Post by: Bill S on 28/05/2018 17:50:25
What would the Hindenburg have been venting as it made its landing approach?
Title: Re: Why can't we live without water?
Post by: Bored chemist on 28/05/2018 19:23:12
Why can't we live without water?
To a good approximation, we are water
Title: Re: Why can't we live without water?
Post by: evan_au on 28/05/2018 22:49:25
Quote from: BillS
What would the Hindenburg have been venting as it made its landing approach?
At about 1:30, they talk about it dropping water ballast.
This would have helped them level the airship - there were paying passengers, and their comfort was paramount.
Title: Re: Why can't we live without water?
Post by: adianadiadi on 07/06/2018 21:32:36
Where is H2 in air? It is not stable.
Title: Re: Why can't we live without water?

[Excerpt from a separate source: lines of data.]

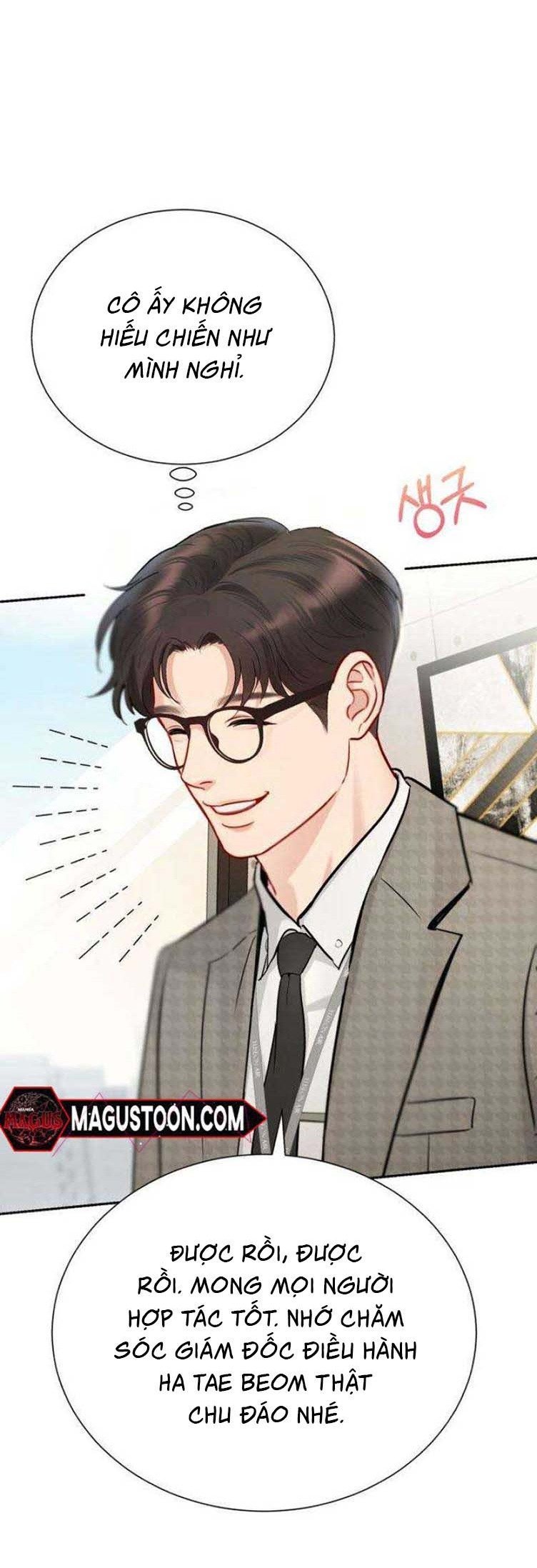 thư ký quyền lực chapter 4 19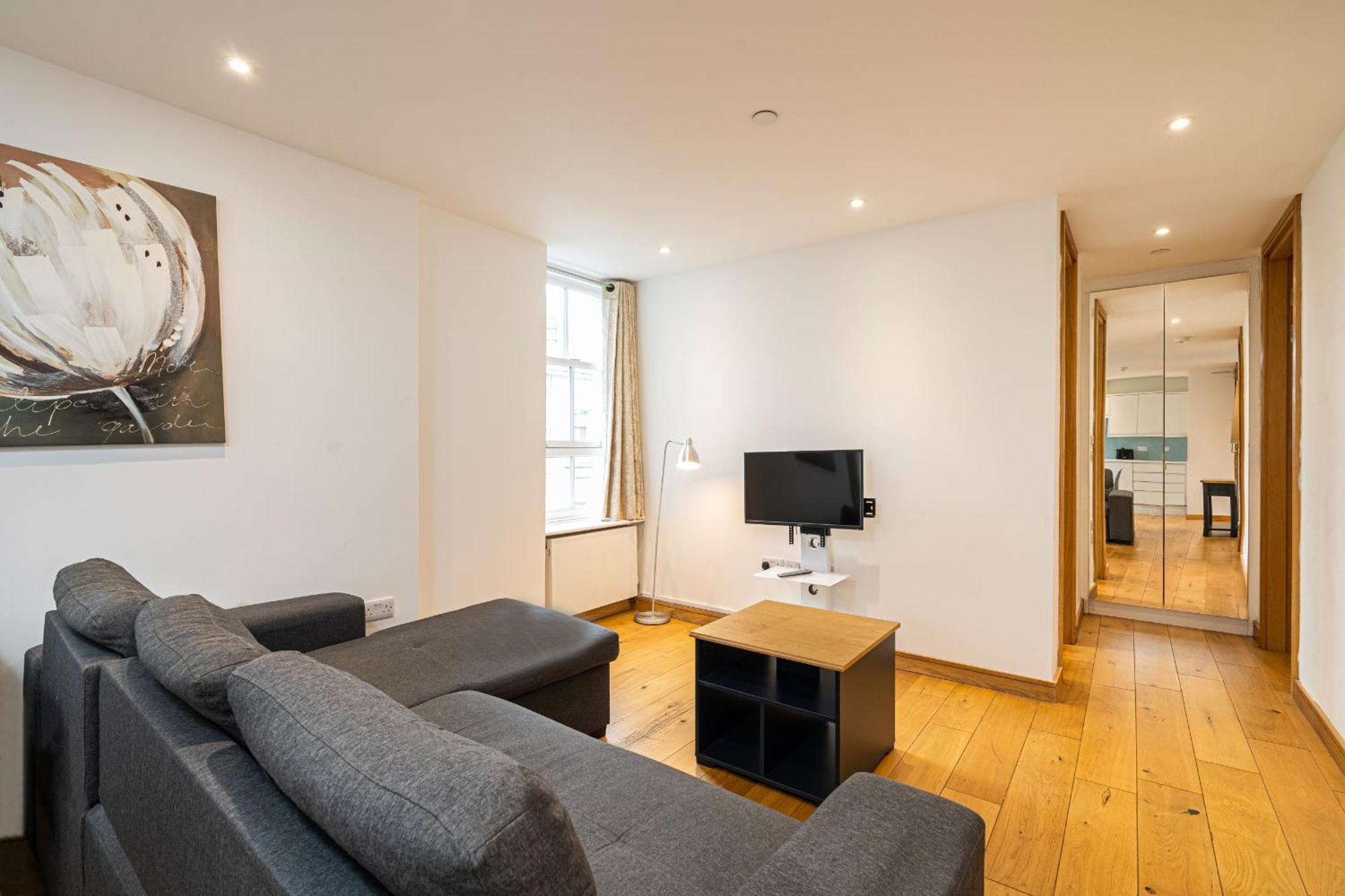 Marylebone Apartments Лондон Номер фото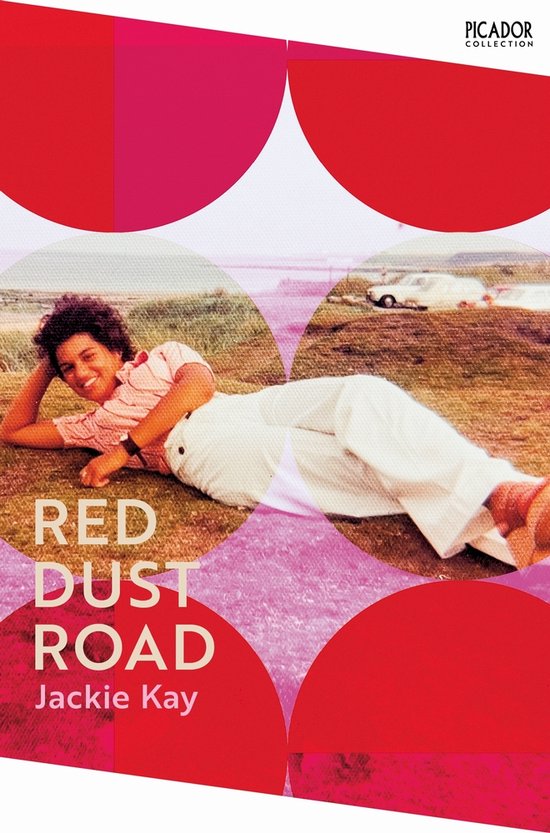 Boek cover Red Dust Road van Jackie Kay (Paperback)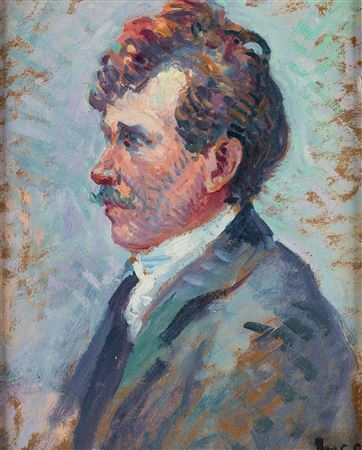 PORTRAIT OF A MAN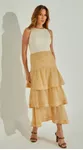Blusa Malha Canelada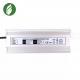 24V 6.25A Outdoor Waterproof Electronic LED Driver For Strip Light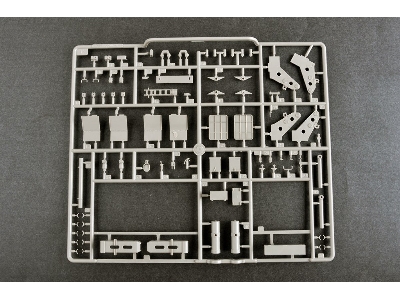 Russian 2s35-1 Koalitsiya-sv Ksh - image 19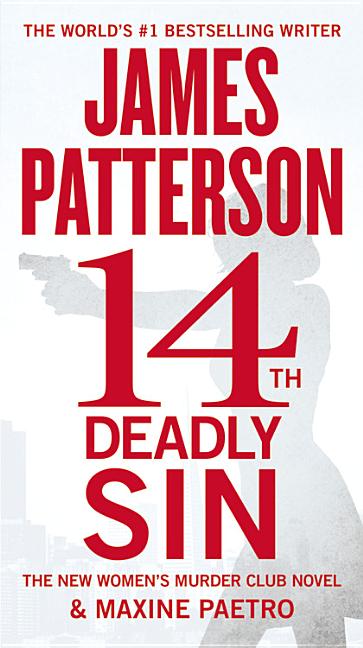 14th Deadly Sin -- James Patterson, Mass Market Paperbound
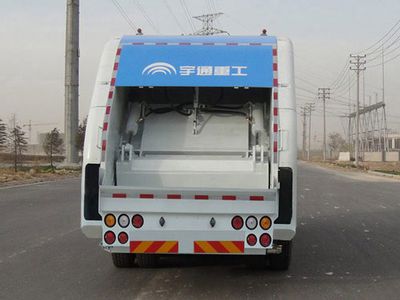 Yutong  YTZ5250ZYS20E Compressed garbage truck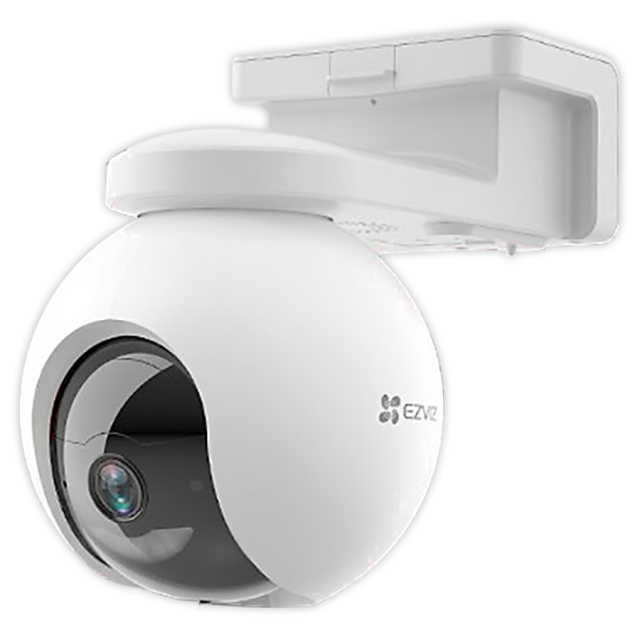 CS-CB8(3MP) | 300万画素パンチルト対応Wi-Fiネットワークカメラ【SALE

Post by: cowolter on 08/06/2018 16:38:59
It's the solvent of life. Metabolic and homeostatic systems need something like water to function. It's polar and so good for holding and transporting ions and proteins, is of a balanced pH and so a good buffer, it's self-cohesive and so consistent and gradient, has high heat capacity and so a good thermoregulator, and is abundant on Earth in a liquid state and so easily accessed and constituted.

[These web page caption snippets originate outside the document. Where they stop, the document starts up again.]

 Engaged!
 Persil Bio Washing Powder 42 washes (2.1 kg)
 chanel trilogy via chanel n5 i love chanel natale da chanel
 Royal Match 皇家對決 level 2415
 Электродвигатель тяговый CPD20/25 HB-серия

We would need a replacer to keep life in solution and stasis. Nothing would substitute that we can tolerate, let alone allow us to be such dynamic organisms. It would require great modification to our biochemistry, or we'd have to upload to a quantum computer, to survive anhydrous. It can be argued life evolved on the basis of H2O chemistry.

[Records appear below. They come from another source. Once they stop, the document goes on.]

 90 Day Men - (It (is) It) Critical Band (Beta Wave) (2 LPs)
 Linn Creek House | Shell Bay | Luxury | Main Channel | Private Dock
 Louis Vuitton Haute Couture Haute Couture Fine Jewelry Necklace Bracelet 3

Title: Re: Why can't we live without water?
Post by: CliffordK on 08/06/2018 19:03:17
It could be argued that we eat basically hydrocarbons, and breath in air, and breath out carbon dioxide.  So, the body should be able to make water from food+air.  Of course, food may also contain water.

Some animals, in fact, seem to be able to eat dry seeds and breath, of course.

http://www.bbc.com/earth/story/20160926-the-creatures-that-can-survive-without-water-for-years
http://education.seattlepi.com/types-adaptations-must-desert-animals-make-conserve-water-3567.html

Humans have evolved in areas where water was generally plentiful, and don't have the extreme adaptations necessary to conserve every drop of water.